La réflexion est donc lancée par un groupe de travail en 1991 qui étudie plusieurs propositions. L’investissement n’est pas négligeable, une note d’information non datée du Bureau B/2 en charge de la question prévoyant une somme de 3 000 000 F pour « les dépenses inhérentes aux travaux et études effectués« .
Au début du mois de juillet 1991, 12 maisons de couture sont retenues, comme l’indique la revue Douane Infos de Juillet/Août 1991. Et il n’est pas peu dire que certaines maisons se livrent à des projets audacieux à l’esthétique … particulière. Nous laisserons le lecteur juger : que dire de ce douanier à influence soviétique, ou de cette parka chasuble avant l’heure.

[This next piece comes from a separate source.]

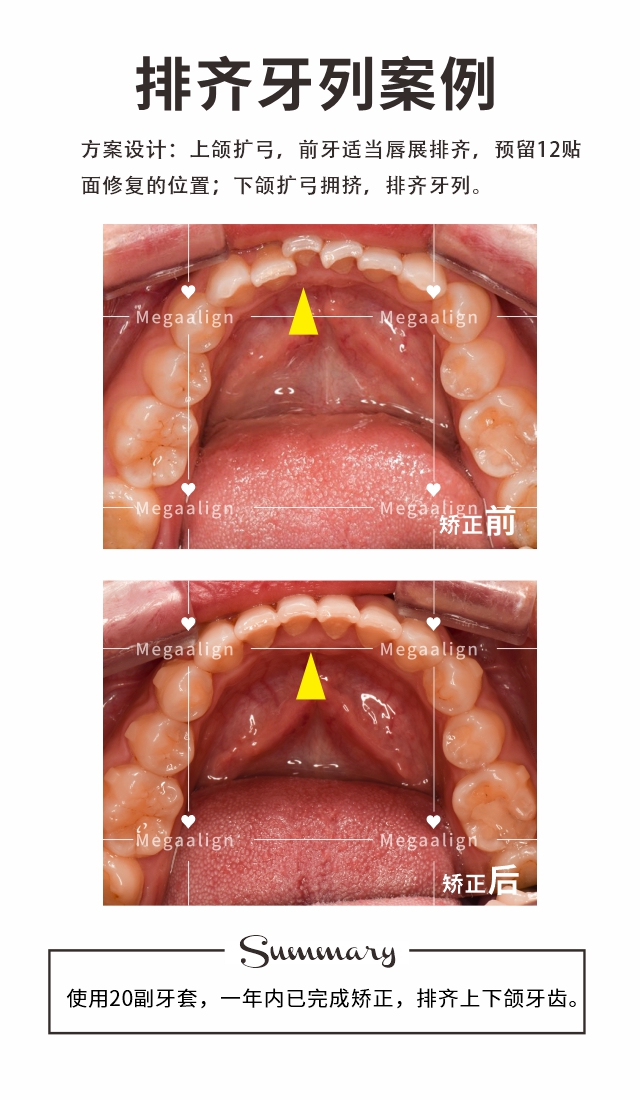 排齐牙列-易齐微矫案例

A l’issue, deux maisons se distinguent : Courrèges, dont la parka et la tenue de travail son retenues, ainsi que Carven pour la tenue de cérémonie et la tenue de travail. C’est ce qu’indique le Douane Infos de novembre 1992, en présentant les projets de tenue aux agents (voir le lien, ici et ici).
Encore que la tenue adoptée ne soit pas véritablement celle que l’on connaisse : le principe de la casquette souple est testé sous de nombreuses déclinaisons tout comme la combinaison. Element notable de la réforme, celle-ci subira de nombreuses évolutions, dont la plus notable sera sa transformation d’une combinaison d’une pièce en combinaison deux pièces.

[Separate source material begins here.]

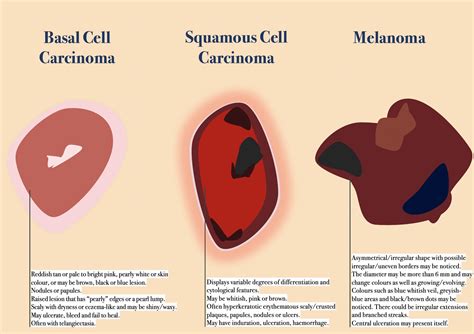 Skin Cancer Cells Vs Normal Cells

En 1993, le vestiaire est ainsi présenté à Roissy, en juin, ainsi qu’à la Direction générale en septembre. Encore que l’on pourra apprécier les nombreuses variations de chaque effet.
Ce n’est finalement qu’en 1994 que la tenue définitive est adoptée ! Encore qu’adoption ne rime pas avec, administrativement parlant avec distribution ! Une fois la tenue adoptée, les marchés publics doivent encore être passés, après validation par le Service commun des laboratoires de la qualité des tissus !
Comme l’indique la revue ministérielle Echanges en 1995, dans un article intitulé « La nouvelle tenue des douaniers« , les livraisons s’échelonnent à l’ENBD sur plusieurs années. Les combinaisons sont ainsi réceptionnées avant la fin de l’année 1994, les derniers effets distribués l’étant en 1996. Encore que la tenue de cérémonie ne sera livrée qu’en 1997. Comme le conclut prosaïquement la revue, c’est « la rançon à payer pour être habillé par la griffe d’un couturier« .
Encore quelques années, et le bulletin officiel des douanes (B.O.D.) fixera, dans le marbre des « B.O.D. jaunes » en 2000, la composition du vestiaire qui fête, peu ou prou, son quart de siècle….
L’auteur tient particulièrement à remercier, s’il lit un jour ces quelques lignes celui qui, alors qu’il allait quitter son poste à la direction générale, a pris beaucoup de son temps pour lui transmettre ce qu’il savait de l’uniforme douanier auquel il avait tant contribué. Il se reconnaîtra.